Coursera was founded in 2012 by two computer science professors from Stanford University – Andrew Ng and Daphne Koller. However, Andrew Ng started playing around with online learning software much earlier than that. In 2008, he developed the Stanford Engineering Everywhere (SEE) program, which delivered three Stanford courses on machine learning, databases, and AI to online students for free. Each of these three online courses gathered signups of 100,000 students or more, as detailed by Andrew himself. Seeing such demand for online classes sparked Andrew’s enthusiasm even more, and before long, he started actively developing Coursera together with co-founder Daphne Koller.
Going back in time to 2012, take a look at this interview with Daphne Koller, co-creator of Coursera. When she gave this talk, Coursera only had 43 online courses available. In the ten years since that number has grown more than a hundred-fold to over 6,000 courses (and another 4000+ shorter projects).

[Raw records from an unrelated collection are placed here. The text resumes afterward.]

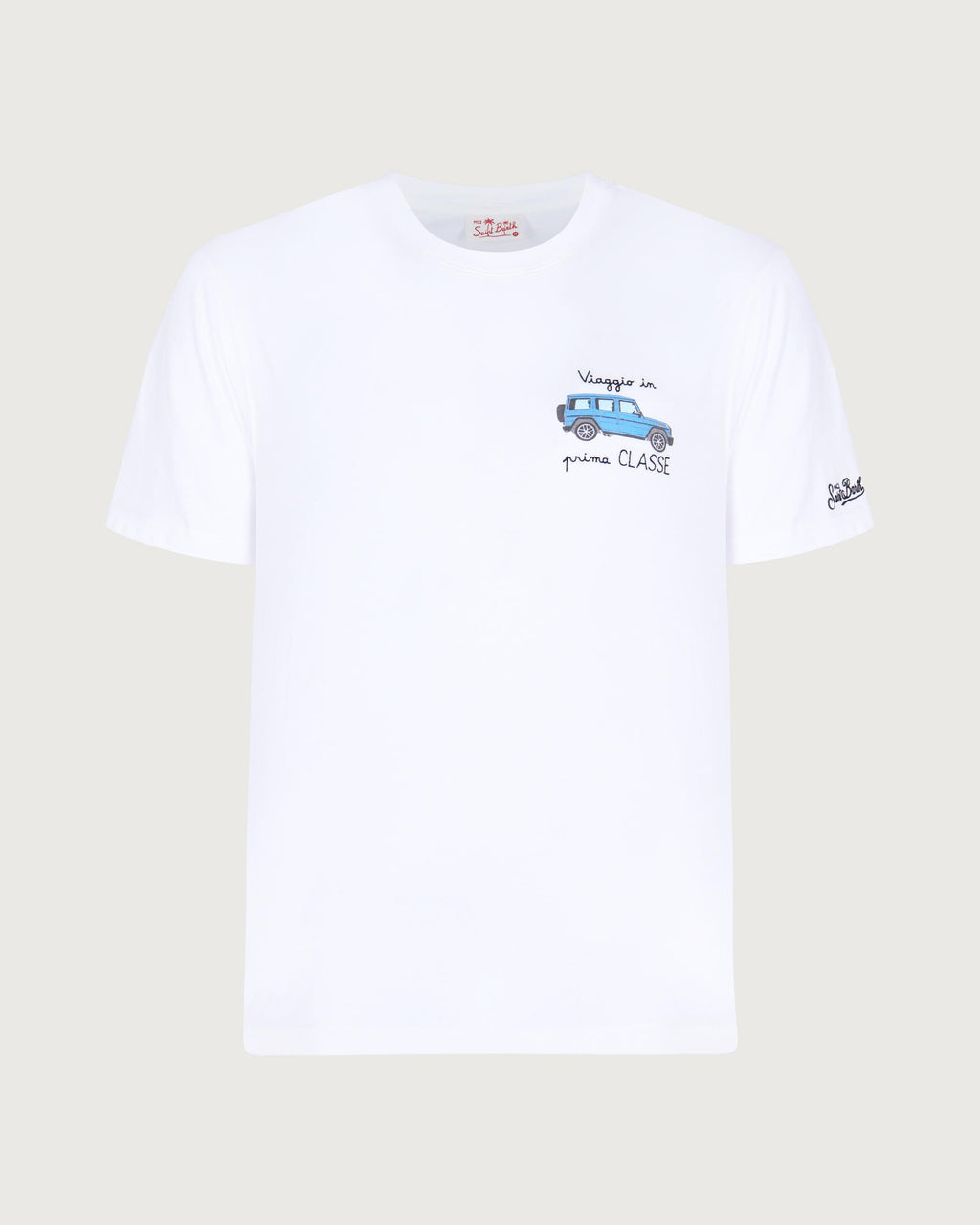 MC 2 SAINT BARTH T-shirt   PORTOFINO CAR PRIMA CLASSE 01N EMB 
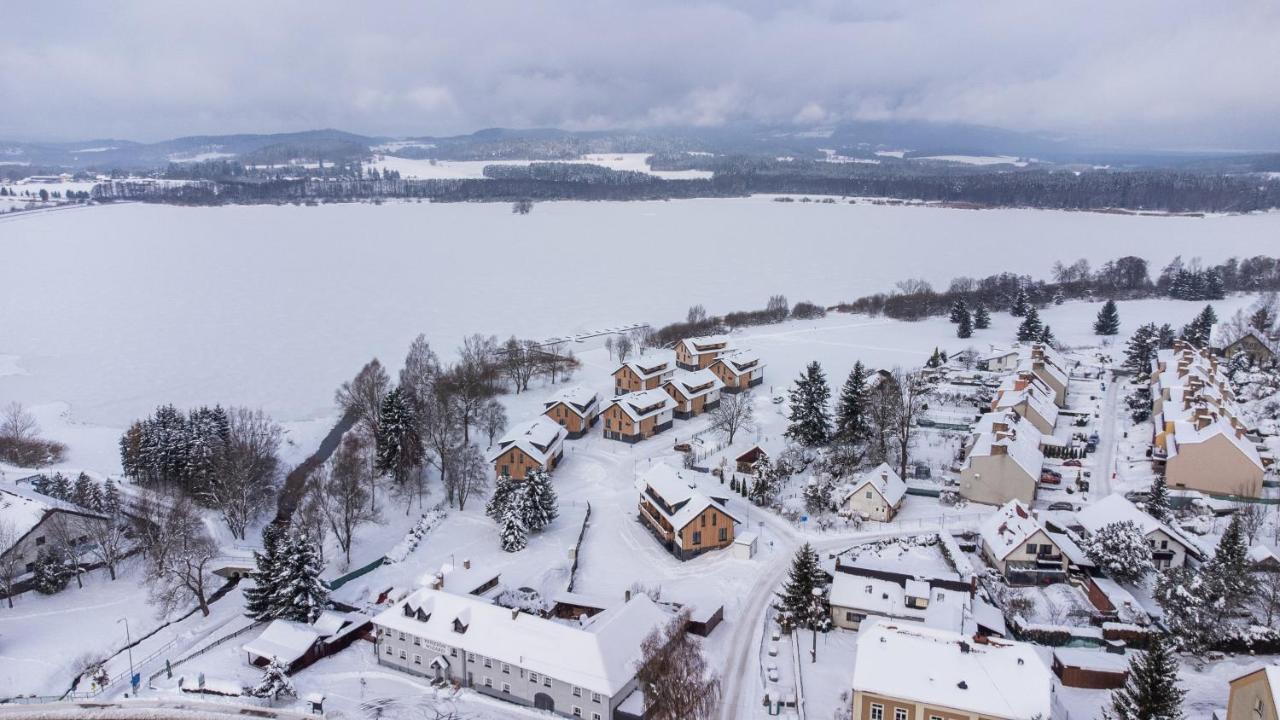 Resort Male Lipno Černá v Pošumaví Esterno foto
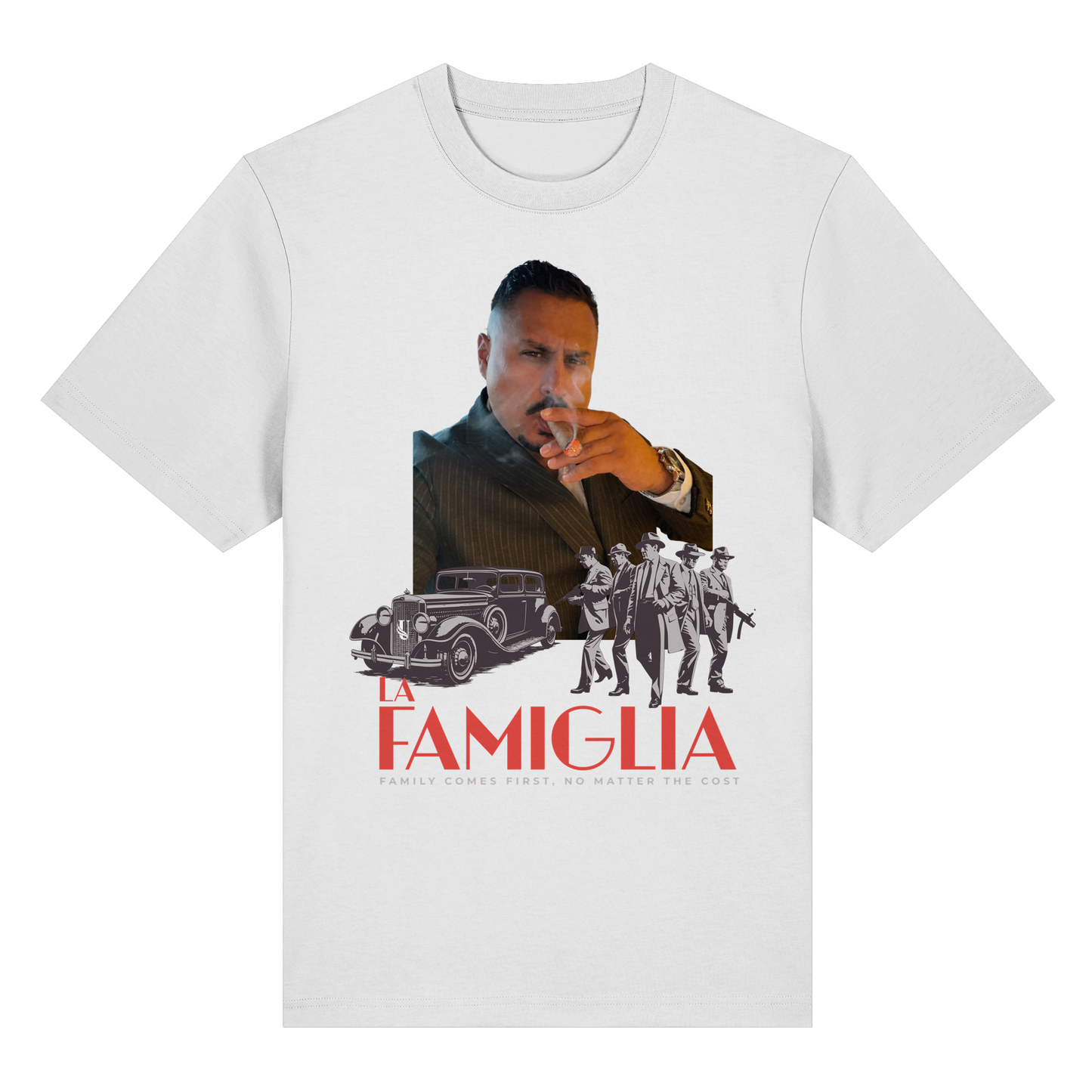 Unterzone La Famiglia - Organic Heavy Shirt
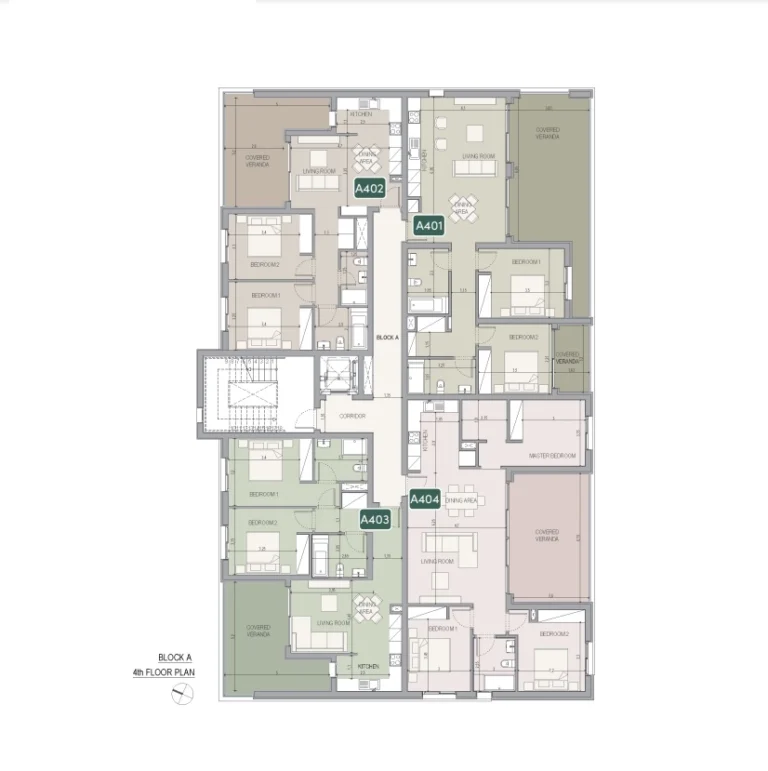 2 Bedroom Apartment for Sale in Limassol – Zakaki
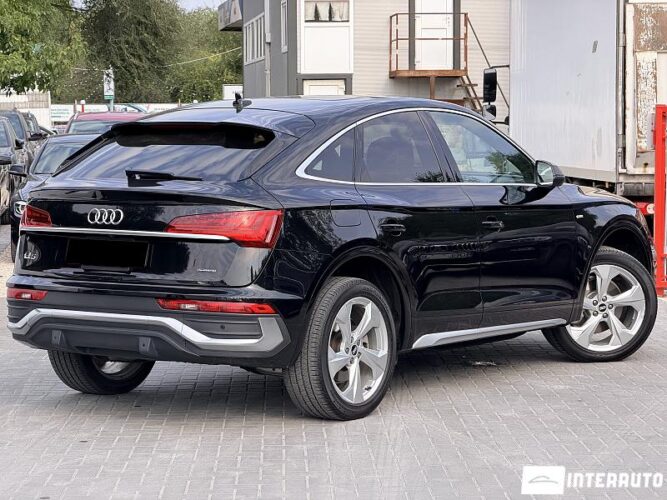 audi Q5 Sportback 2021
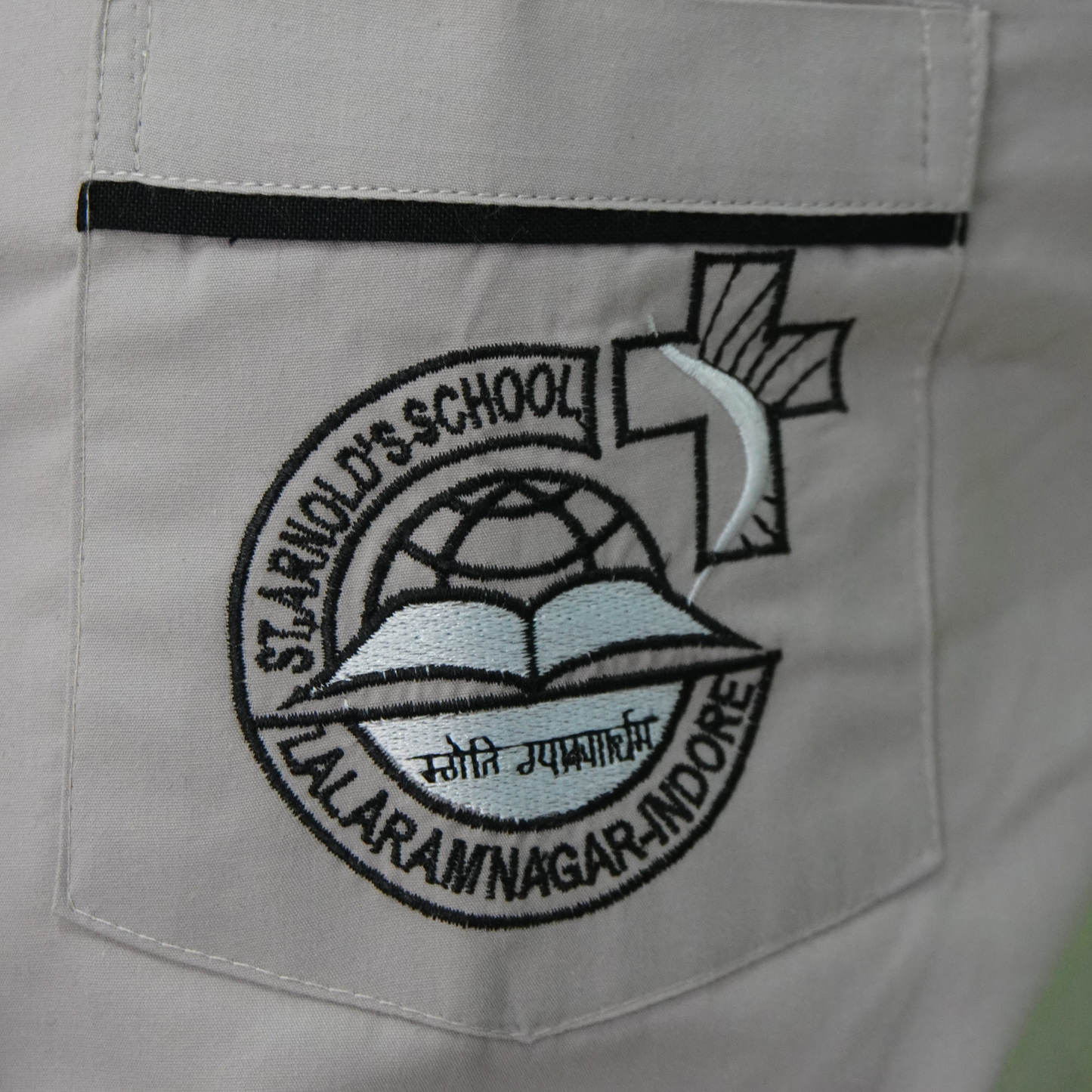 ST. ARNOLDS HIGHER SECONDARY SCHOOL SHIRT(JUNIOR )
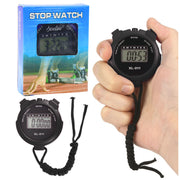 Digitalna LCD sportska štoperica XL-011 - crna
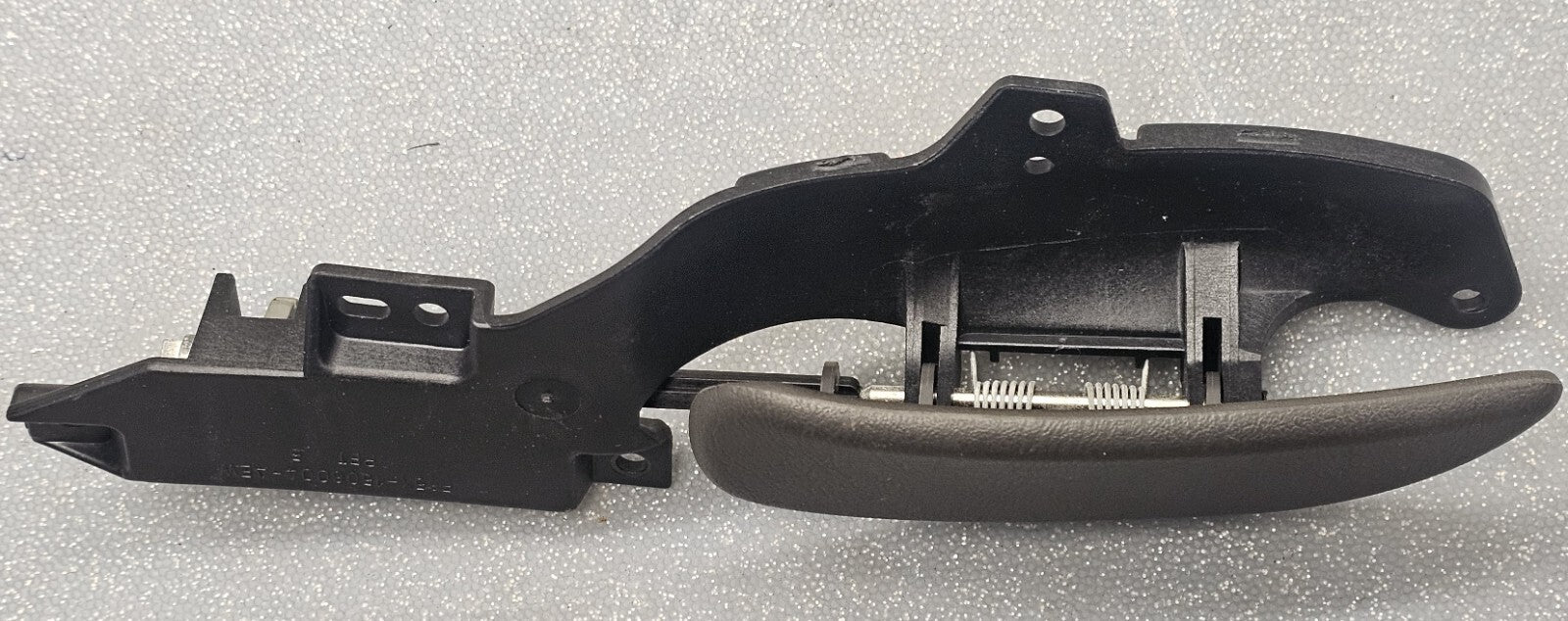 🔥98-02 FORD F150 F250 EXPEDITION NAVIGATOR GLOVE BOX LATCH LOCK HANDLE GRAY OEM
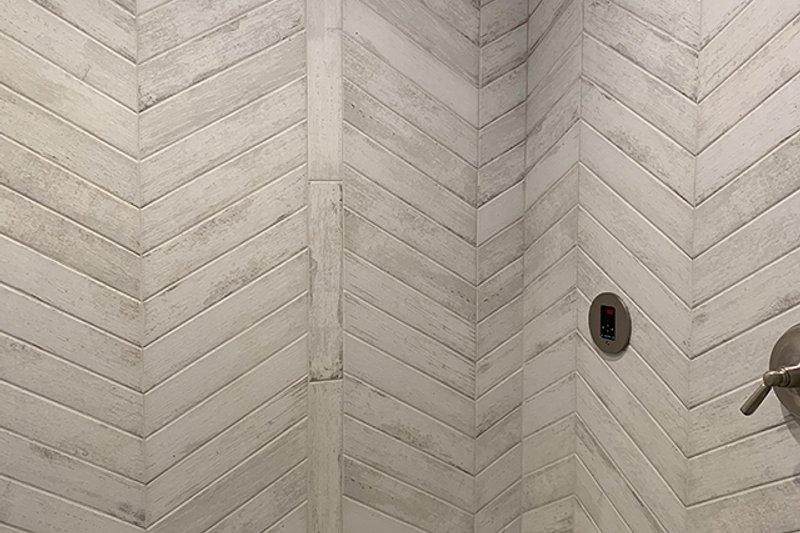 Architectural House Design - Interior - Master Bathroom 4 for Farmhouse House Plan #437-97 - 3 bed, 3.5 bath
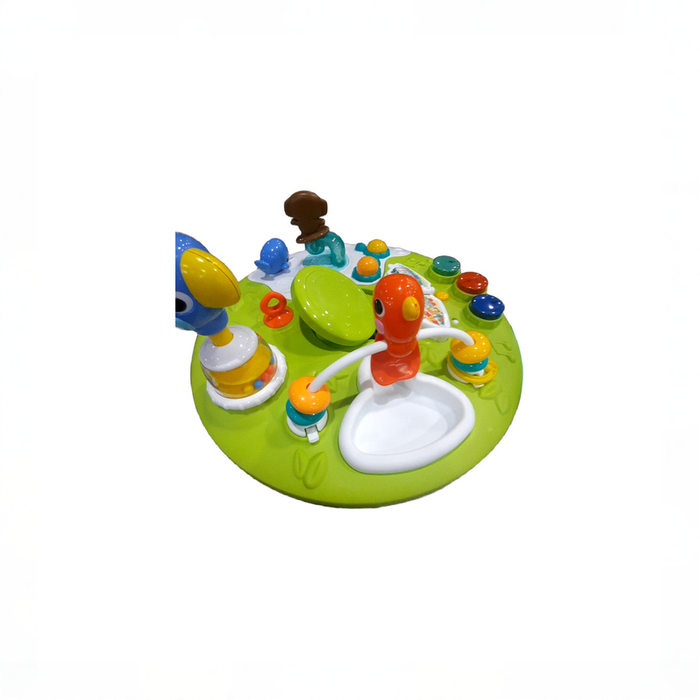 Shop Bright Starts Around We Go 2-In-1 Activity Center, Tropical Cool at GoodBuy Gear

Andrew and Daphne saw so much potential in this type of e-learning that they put their careers as professors at Stanford on hold and started focusing solely on the MOOC site. Looking back on it, they made the right choice, as only seven years later, the company they created is already valued at over $1 billion.
The two ex-CEOs of Coursera, Andrew and Daphne, are no longer actively managing the company. They are, however, still highly active in entrepreneurship. In 2018, Daphne Koller founded Insitro, an innovative company that intertwines drug discovery and machine learning. Around the same time, Andrew revealed the “AI Fund” that would invest hundreds of millions of dollars in artificial intelligence projects.
Coursera is still a relatively new company, and I am interested to see what the future will look like.